** Opening Source material block **

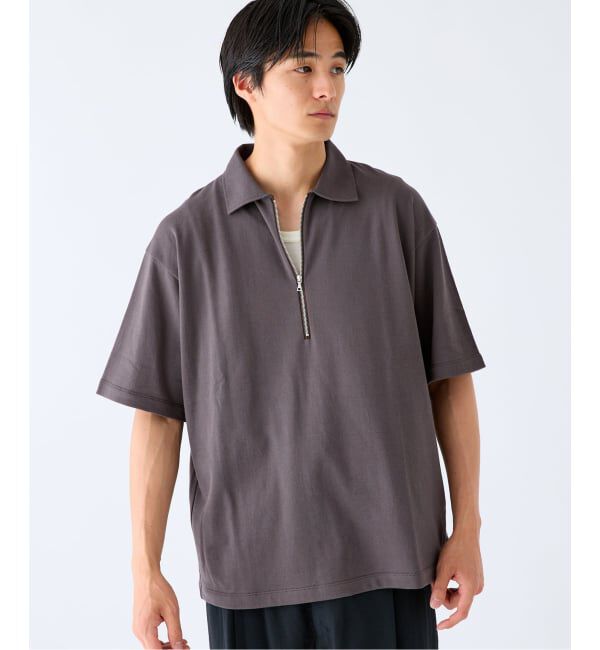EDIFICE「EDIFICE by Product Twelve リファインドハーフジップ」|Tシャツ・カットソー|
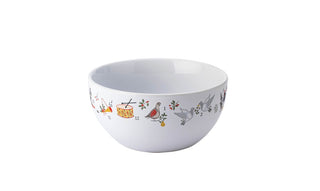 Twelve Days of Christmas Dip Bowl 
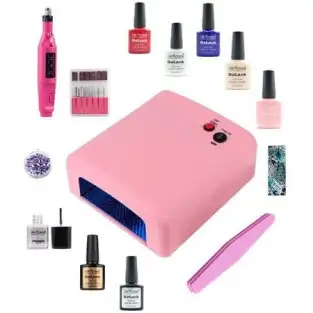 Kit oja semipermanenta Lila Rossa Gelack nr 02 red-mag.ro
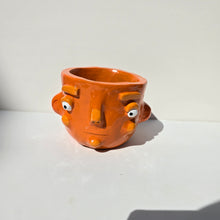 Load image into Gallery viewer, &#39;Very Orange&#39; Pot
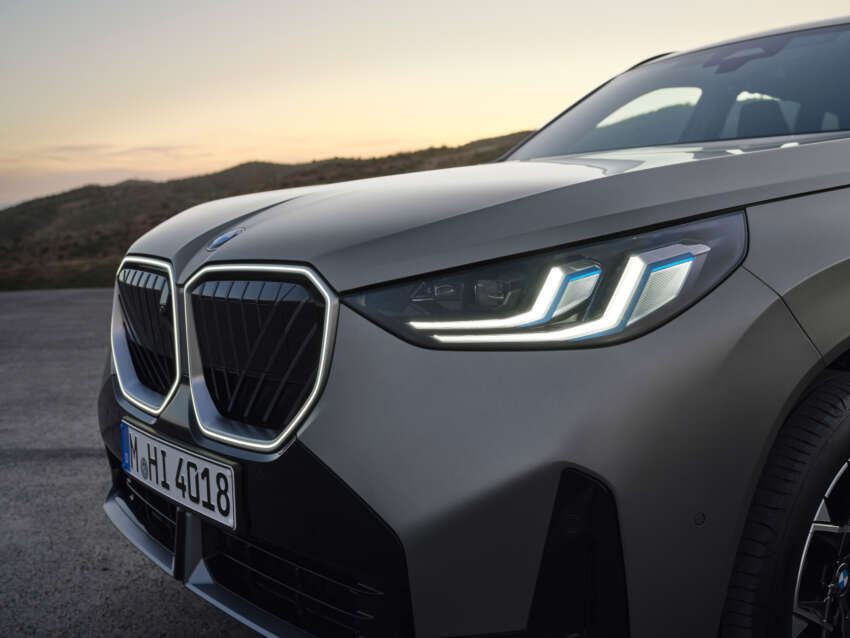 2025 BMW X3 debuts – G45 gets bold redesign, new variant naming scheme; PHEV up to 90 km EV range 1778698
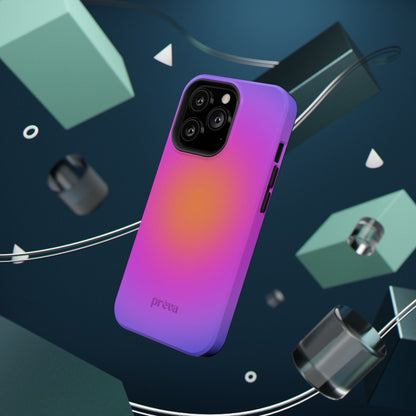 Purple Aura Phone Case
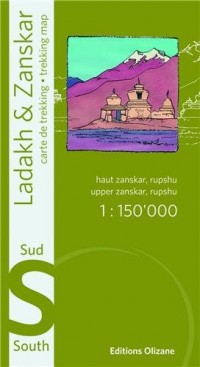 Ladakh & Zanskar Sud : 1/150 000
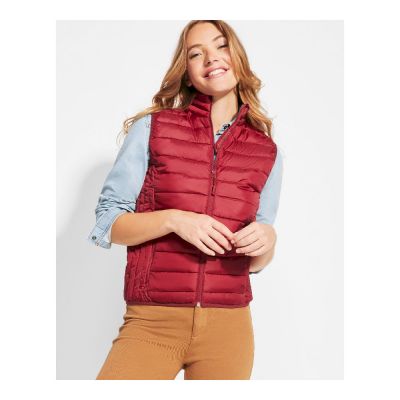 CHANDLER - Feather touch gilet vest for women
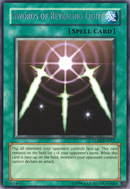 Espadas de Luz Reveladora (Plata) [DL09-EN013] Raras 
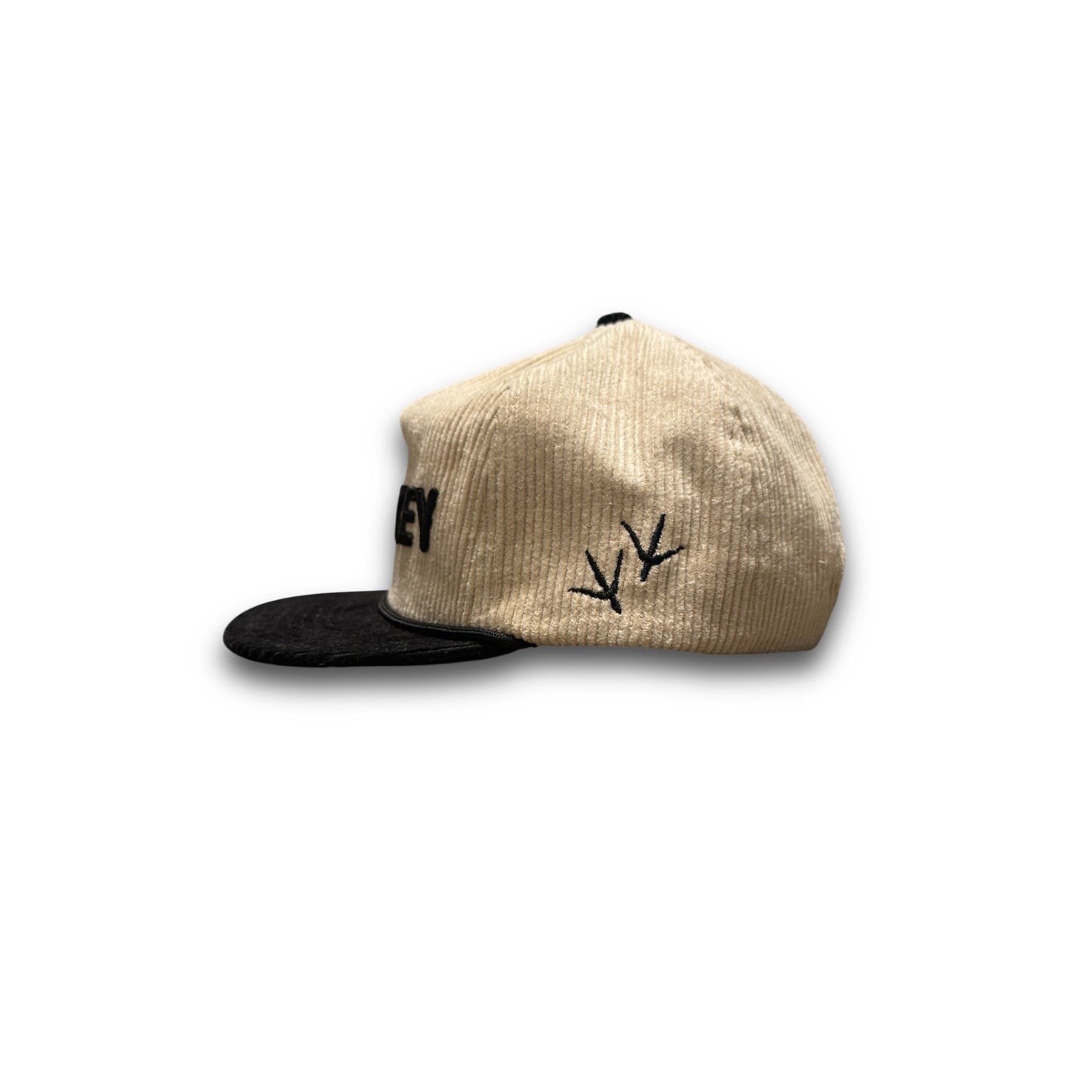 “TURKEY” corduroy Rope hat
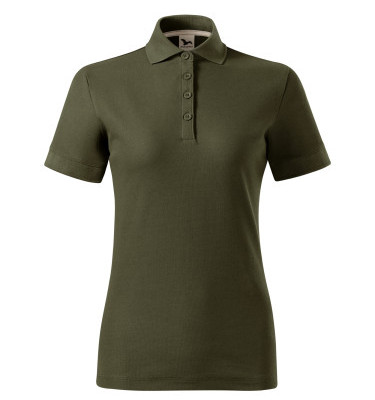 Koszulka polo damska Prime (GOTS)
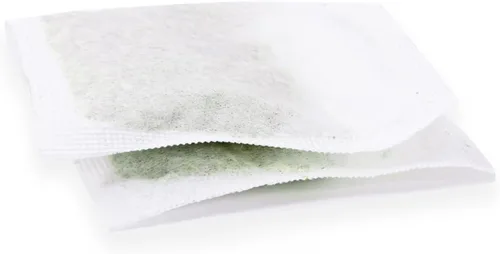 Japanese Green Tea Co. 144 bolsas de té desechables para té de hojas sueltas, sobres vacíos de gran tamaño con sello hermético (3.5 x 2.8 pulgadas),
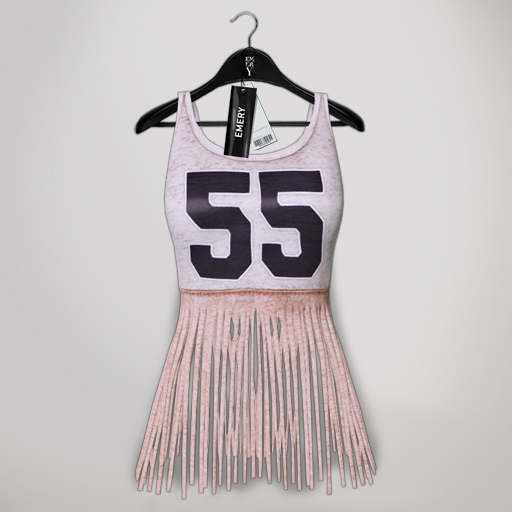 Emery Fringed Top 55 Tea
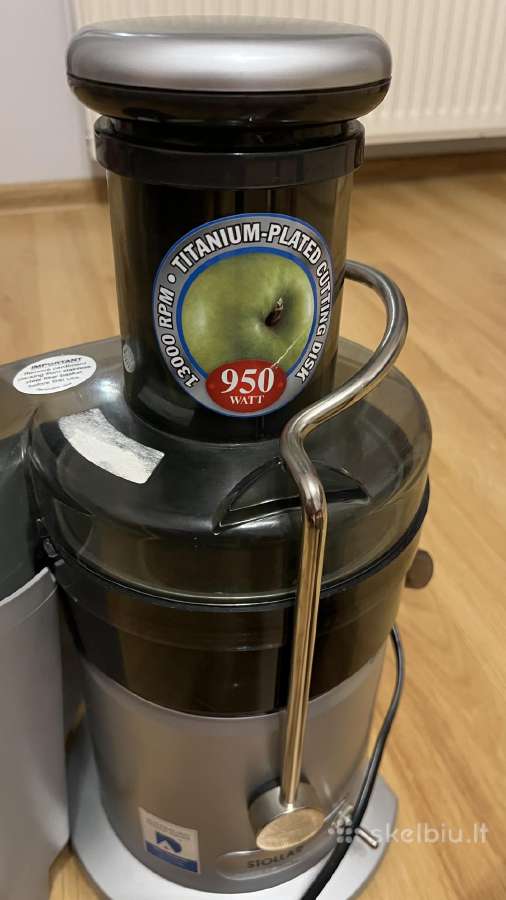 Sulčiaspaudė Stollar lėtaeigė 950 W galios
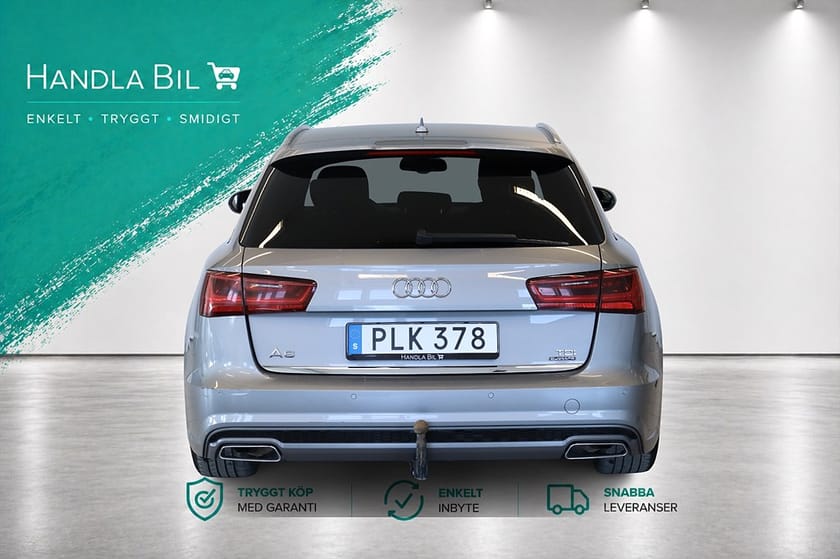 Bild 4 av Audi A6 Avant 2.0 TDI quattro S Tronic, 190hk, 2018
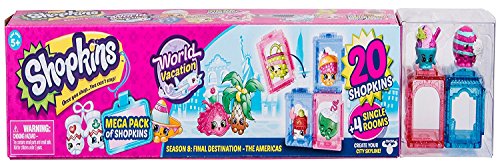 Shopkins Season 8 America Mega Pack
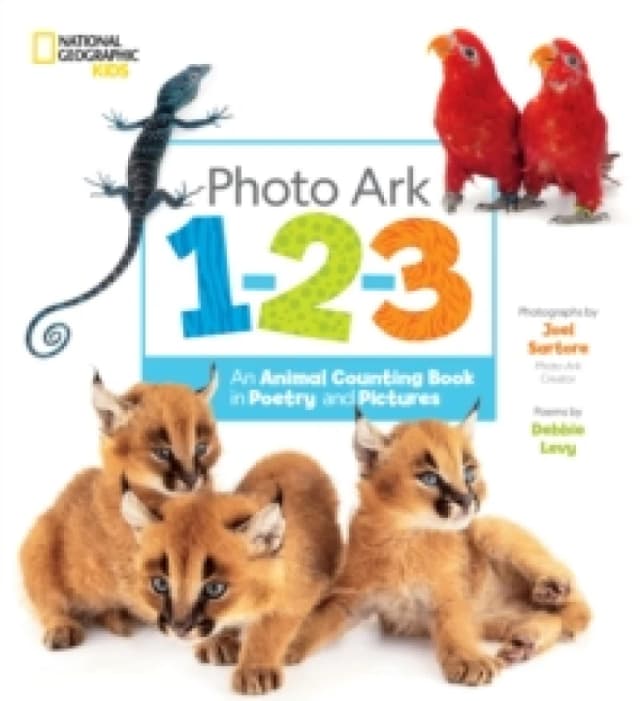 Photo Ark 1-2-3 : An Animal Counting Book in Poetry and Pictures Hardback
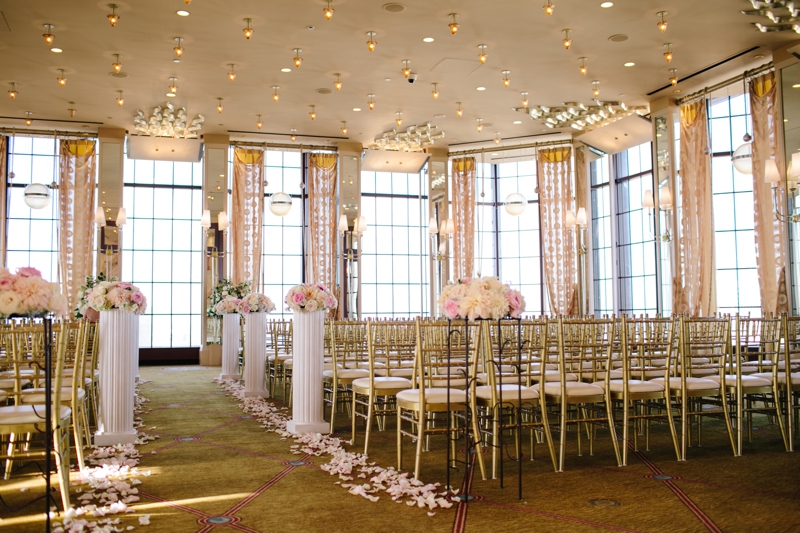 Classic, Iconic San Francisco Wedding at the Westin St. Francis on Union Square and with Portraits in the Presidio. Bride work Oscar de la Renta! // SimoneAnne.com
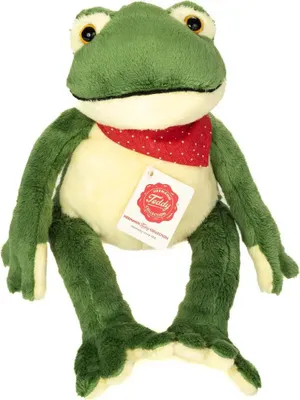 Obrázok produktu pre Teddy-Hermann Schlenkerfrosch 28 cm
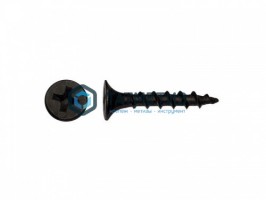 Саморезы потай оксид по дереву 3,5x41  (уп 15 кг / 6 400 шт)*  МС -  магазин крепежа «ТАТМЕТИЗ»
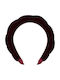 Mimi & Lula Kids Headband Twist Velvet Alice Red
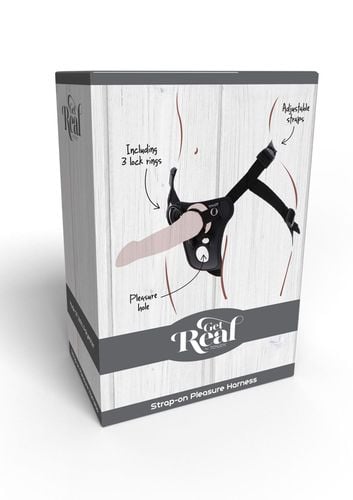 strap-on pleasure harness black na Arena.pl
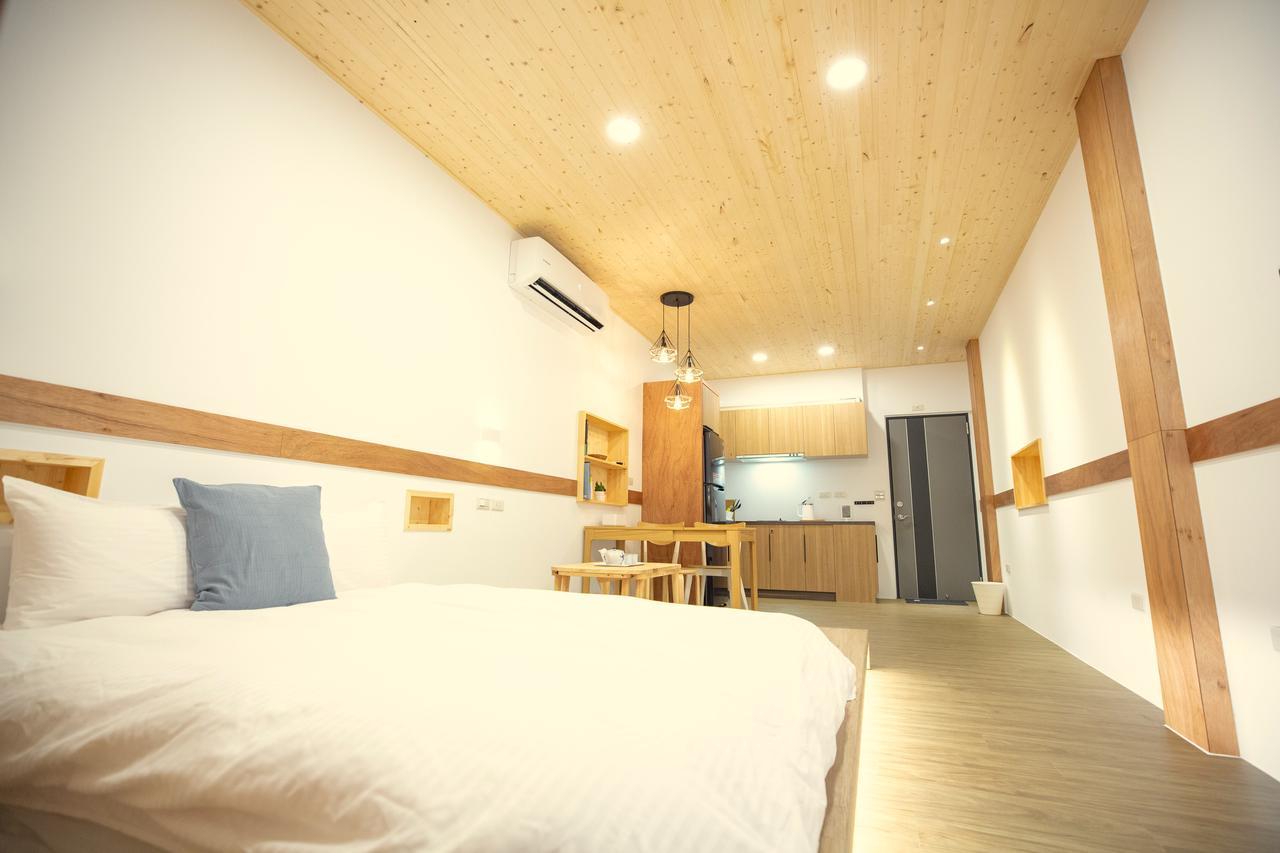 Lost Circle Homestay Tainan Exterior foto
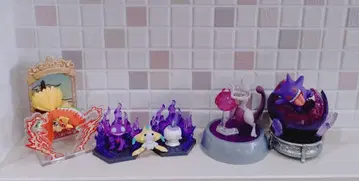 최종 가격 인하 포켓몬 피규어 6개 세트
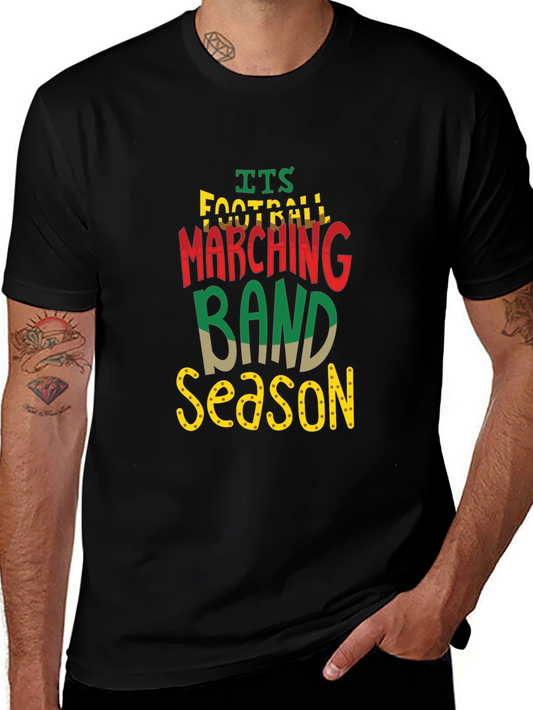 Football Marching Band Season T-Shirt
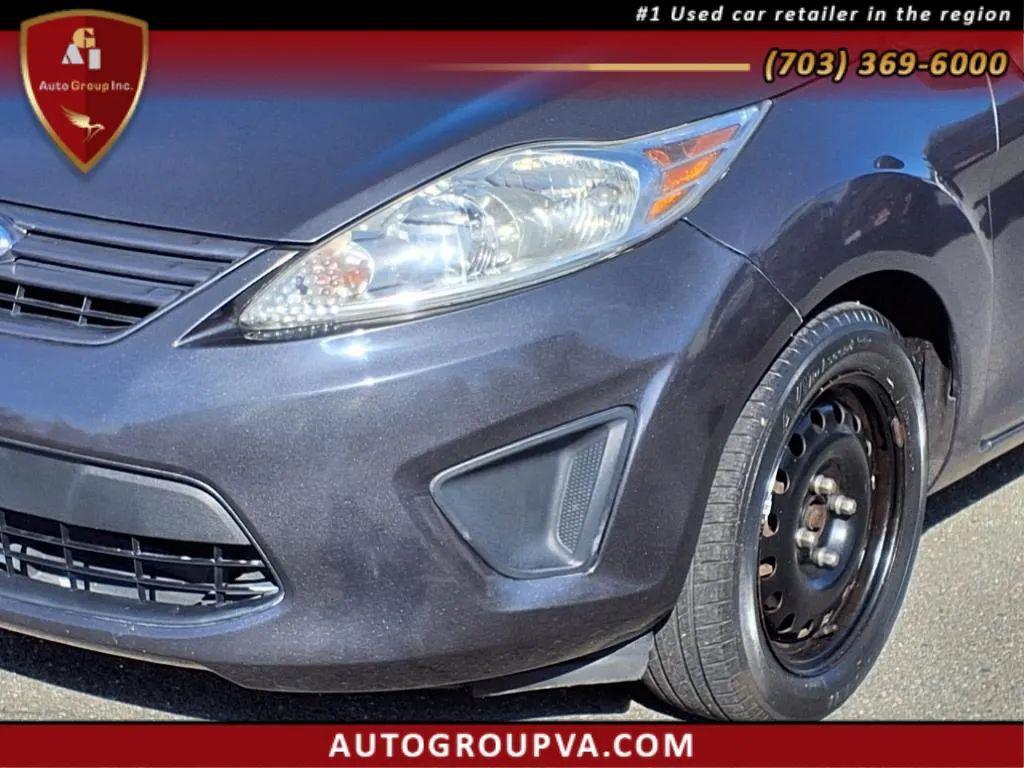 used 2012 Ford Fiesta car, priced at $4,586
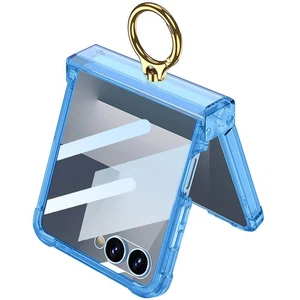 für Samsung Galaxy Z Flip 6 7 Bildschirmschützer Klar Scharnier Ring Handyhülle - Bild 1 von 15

** Closing Source material block **

§ Work item:
Give the entries above again word for word, without any pictures.

§ Result of the exercise:
EDIFICE「EDIFICE by Product Twelve リファインドハーフジップ」|Tシャツ・カットソー|
 Twelve Days of Christmas Dip Bowl 
 Kit oja semipermanenta Lila Rossa Gelack nr 02 red-mag.ro
 Load image into Gallery viewer, &#39;Very Orange&#39; Pot
 2025 BMW X3 debuts – G45 gets bold redesign, new variant naming scheme; PHEV up to 90 km EV range 1778698
 Purple Aura Phone Case
 Ladakh & Zanskar Sud : 1/150 000
 CHANDLER - Feather touch gilet vest for women
 Espadas de Luz Reveladora (Plata) [DL09-EN013] Raras 
 “TURKEY” corduroy Rope hat
 Koszulka polo damska Prime (GOTS)
 Japanese Green Tea Co. 144 bolsas de té desechables para té de hojas sueltas, sobres vacíos de gran tamaño con sello hermético (3.5 x 2.8 pulgadas),
 Emery Fringed Top 55 Tea
 Sulčiaspaudė Stollar lėtaeigė 950 W galios
 Bild 4 av Audi A6 Avant 2.0 TDI quattro S Tronic, 190hk, 2018
 Shopkins Season 8 America Mega Pack
 Photo Ark 1-2-3 : An Animal Counting Book in Poetry and Pictures Hardback
 Classic, Iconic San Francisco Wedding at the Westin St. Francis on Union Square and with Portraits in the Presidio. Bride work Oscar de la Renta! // SimoneAnne.com
 Obrázok produktu pre Teddy-Hermann Schlenkerfrosch 28 cm
 Саморезы потай оксид по дереву 3,5x41  (уп 15 кг / 6 400 шт)*  МС -  магазин крепежа «ТАТМЕТИЗ»
 Mimi & Lula Kids Headband Twist Velvet Alice Red
 strap-on pleasure harness black na Arena.pl
 Lost Circle Homestay Tainan Exterior foto
 최종 가격 인하 포켓몬 피규어 6개 세트
 Football Marching Band Season T-Shirt
 used 2012 Ford Fiesta car, priced at $4,586
 für Samsung Galaxy Z Flip 6 7 Bildschirmschützer Klar Scharnier Ring Handyhülle - Bild 1 von 15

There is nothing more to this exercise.